Os Poderes da Imagem – 40 Anos do Centro Português de Serigrafia

por Maria João Fernandes

"Flores de Cacto" de Pedro Cabrita Reis, Serigrafia, 100x70cm (74 exemplares, numerados e assinados) Pedro Calapez, Serigrafia 71x99,5cm (38 exemplares, numerados e assinados)


Uma concisa e emblemática formulação do eminente crítico francês René Huyghe (1906-1997) sobre a arte, em Os Poderes da Imagem, é hoje o motivo condutor da exposição que retoma este título, dos 40 anos do Centro Português de Serigrafia. A mostra que reúne 40 trabalhos é antes de mais uma celebração da obra gráfica de grande e nobre tradição nas artes plásticas. O esquema proposto, não significa, no entanto, que as três vertentes em causa: a Natureza, os Meios Plásticos, o Artista/a Linguagem/o Estilo, se apresentem em compartimentos estanques, mas pelo contrário, num sistema de vasos comunicantes. Trata-se afinal de um convite, no espaço de tão grandes tradições da Sociedade Nacional de Belas Artes, à redescoberta da arte, instrumento de um conhecimento inesgotável.

O conjunto sob o signo do poder da Natureza reúne obras onde esta, na diversidade de estilos que caracterizam cada autor, surge, não como pano de fundo, mas como elemento absolutamente interveniente e ativo na génese de uma linguagem. Citando René Huyghe “ela equivale à pedreira onde o arquiteto vai buscar as pedras para construir a sua obra; ao artista fornece materiais (…) e emoções também.” Nesta mostra revela os seus múltiplos rostos em outras tantas múltiplas expressões plásticas. É o caso, para não citar senão alguns exemplos, da sua presença nas obras de Humberto Marçal, Gonçalo Mar, Filipe Romão, Juan Escudero, João Francisco Vilhena ou Jorge Barrote.

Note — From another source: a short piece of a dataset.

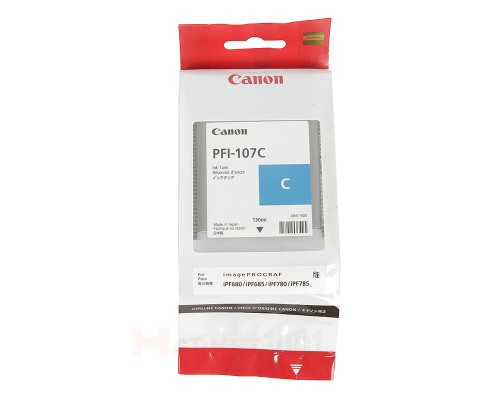 CANON PFI-107C (6706B001) картридж голубой CANON PFI-107C (6706B001) картридж голубой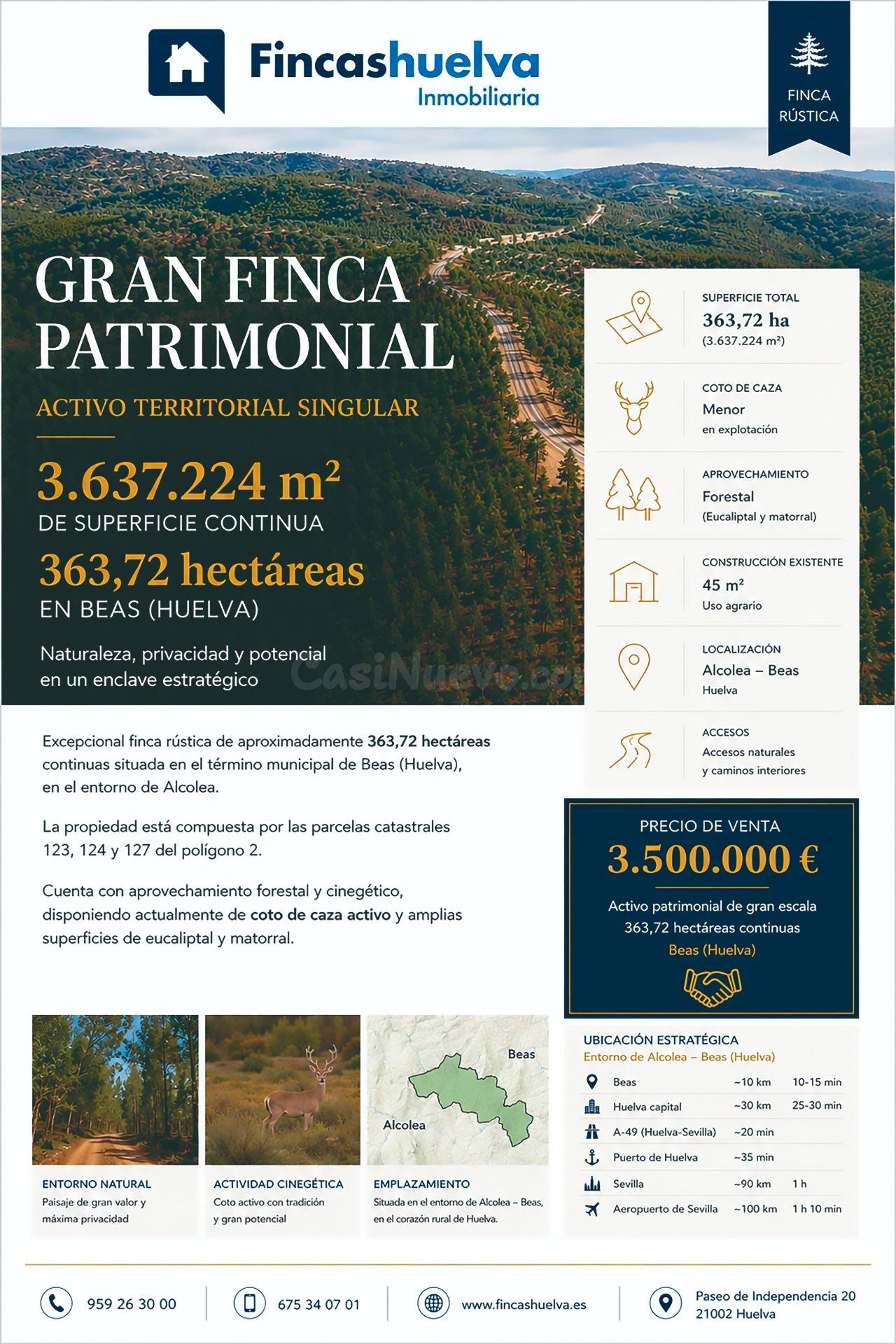 FINCA RÚSTICA DE 363 HECTÁREAS EN BEAS (HUELVA) - foto 3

O núcleo onde se realçam os meios de que o artista dispõe: “linhas e cores reunidas segundo uma certa ordem” (Maurice Denis citado por René Huyghe), a matéria-prima da pintura, apresenta justamente alguns dos elementos constitutivos da linguagem plástica, com destaque, referindo apenas alguns exemplos, para a linhaÁlvaro Siza Vieira ou Pedro Cabrita Reis, para a cor associada ao movimento – Eduardo Nery, ao gesto – Cristina Ataíde, GracindaCandeias ou Sofia Areal, para a forma geométrica em destaque no caso de Leonel Moura, Marisa Ferreira ou Pedro Calapez.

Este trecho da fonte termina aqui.